Chciał dać nauczkę rywalowi
Zazdrosny o byłą dziewczynę 16-latek chciał dać nauczkę jej nowemu chłopakowi. Wspólnie z drugim 16-latkiem i o rok starszym kolegą zaatakowali młodego mężczyznę. Pobili go i uszkodzili mu samochód. Pokrzywdzony 19-latek trafił do szpitala. Policjanci ustalili i zatrzymali sprawców. Najstarszy już usłyszał zarzut, a prokurator zastosował wobec niego środki zapobiegawcze. Dwaj nieletni będą odpowiadać przed sądem rodzinnym.
Do zdarzenia doszło w ubiegły czwartek na ul. Wałowej w Tarnobrzegu. Jak ustalili policjanci, 19-letni mężczyzna, na prośbę byłego chłopaka swojej dziewczyny, przyjechał samochodem w rejon wału rzeki Wisła. Kiedy wysiadł z auta, został zaatakowany przez zazdrosnego chłopaka i grupę młodych mężczyzn. Trzej najbardziej agresywni napastnicy bili ofiarę po twarzy i kopali po całym ciele. Gdy chłopak zdołał dobiec do swojego samochodu, sprawcy zaczęli skakać po dachu i masce auta. Jeden z agresorów ponowił atak i kopał 19-latka po głowie. Chuligani wybili szybę w aucie, oberwali lusterka i uszkodzili karoserię, po czym uciekli.
Na miejsce zostali wezwani policjanci. Ranny mężczyzna trafił do szpitala pod opiekę lekarzy. Funkcjonariusze prowadzący czynności ustalili tożsamość sprawców przestępstwa. Jeszcze tego samego dnia zatrzymali 17-letniego mieszkańca Tarnobrzega. Młody mężczyzna trafił do policyjnego aresztu. Następnego dnia w ręce policjantów trafili dwaj 16-latkowie. Okazało się, że nastolatek nie mógł zaakceptować rozstania z byłą dziewczyną i jej nowego chłopaka. Postanowił dać nauczkę rywalowi.

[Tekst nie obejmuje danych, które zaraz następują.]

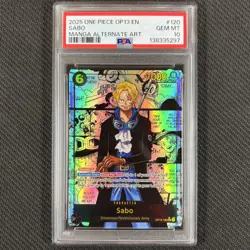 Sabo OP13-120 PSA 10 English Manga Alternate Art Carrying On His Will One Piece - Image 4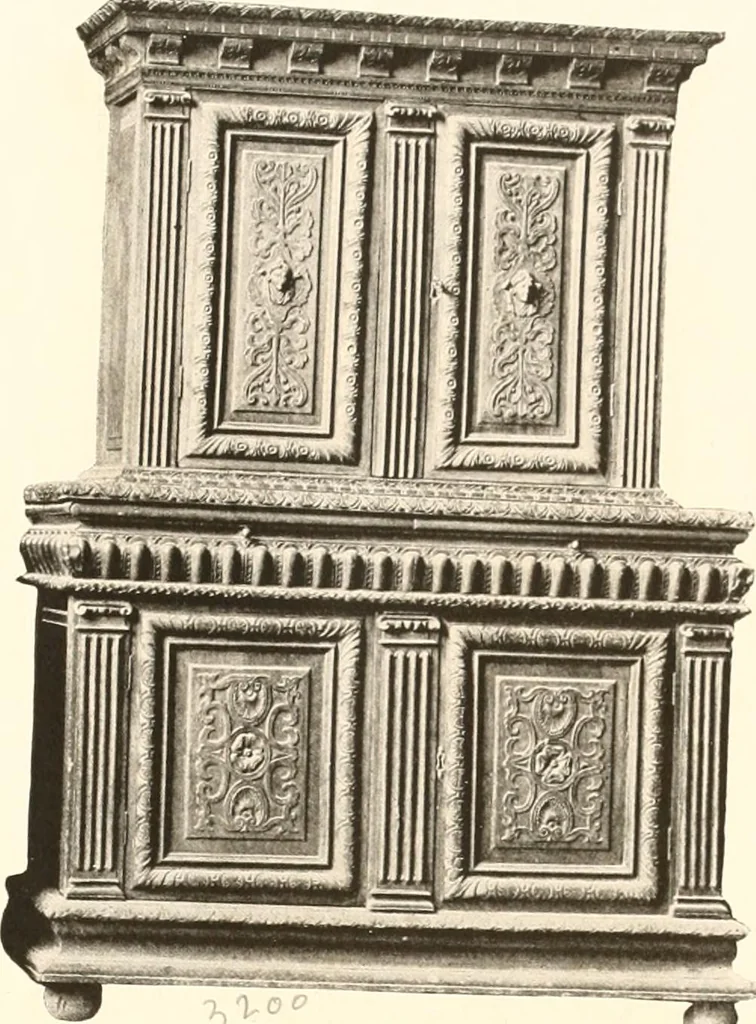 An illustration from De luxe illustrated catalogue of the treasures and antiquities illustrating the golden age of Italian art, belonging to the famous expert and antiquarian, Signor Stefano Bardini, of Florence, Italy;, 1918, leaf 564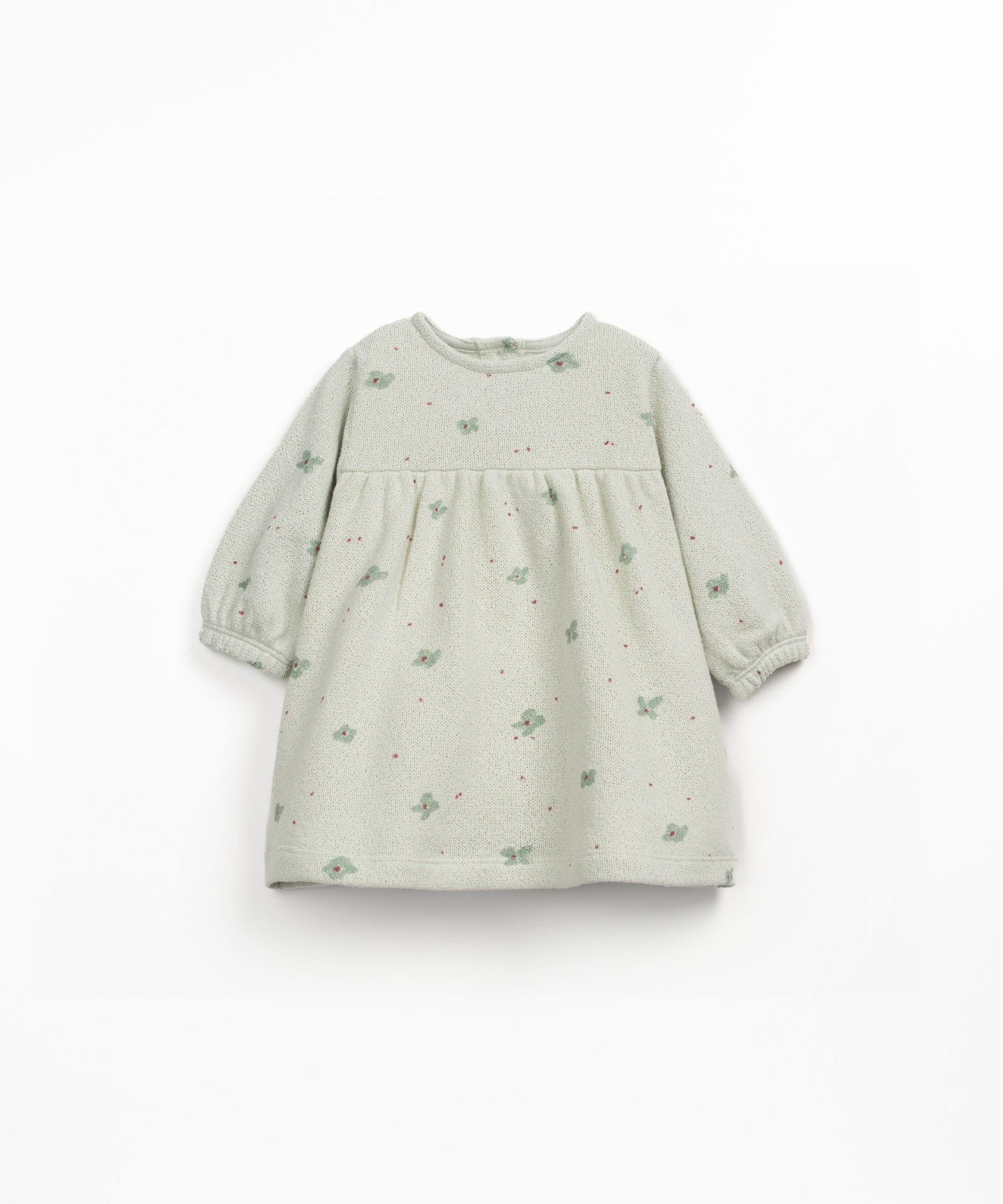 Knit dress with floral print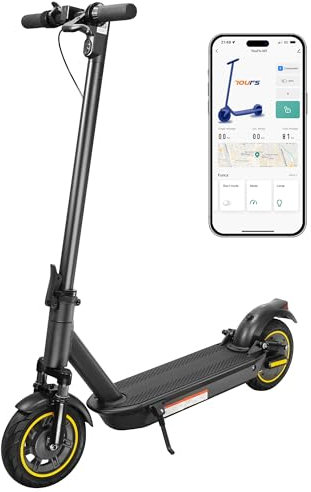 Patinetes eléctricos de 10 Pulgadas para Adultos con Control de aplicación/Sistema de Doble frenado/Amortiguadores Delanteros y Traseros, 60 km de Largo Alcance, Carga de 286 LB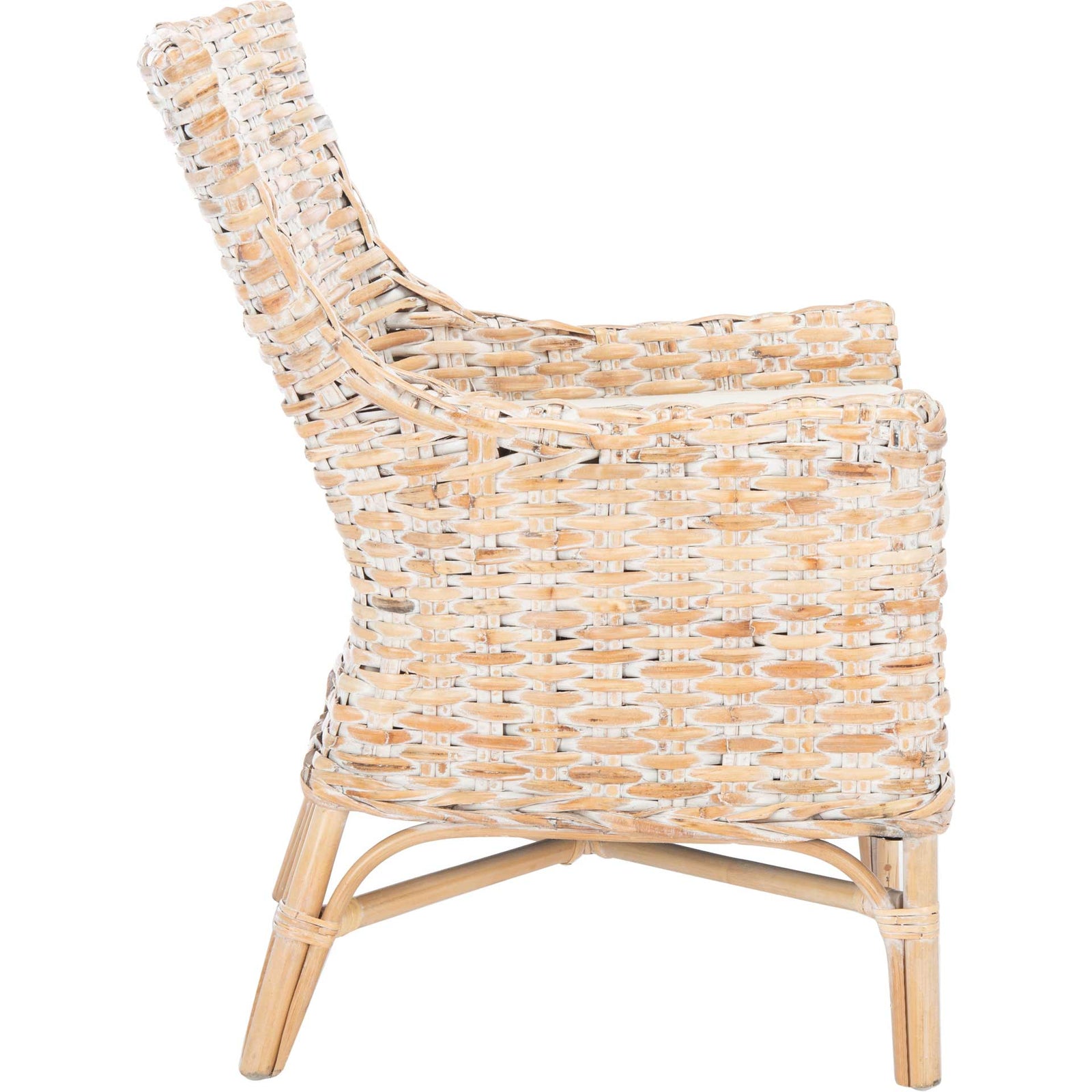 Crispin Rattan Accent Chair Natural White Wash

Prokuratorski zarzut udziału w bójce usłyszał już 17-latek. Wobec młodego mężczyzny zastosowano środki zapobiegawcze w postaci dozoru Policji, zakaz zbliżania i kontaktowania się z pokrzywdzonym oraz poręczenia majątkowego. Za to przestępstwo grozi kara pozbawienia wolności do 3 lat. Sprawą dwóch 16-latków, biorących udział w bójce, zajmie się sąd rodzinny.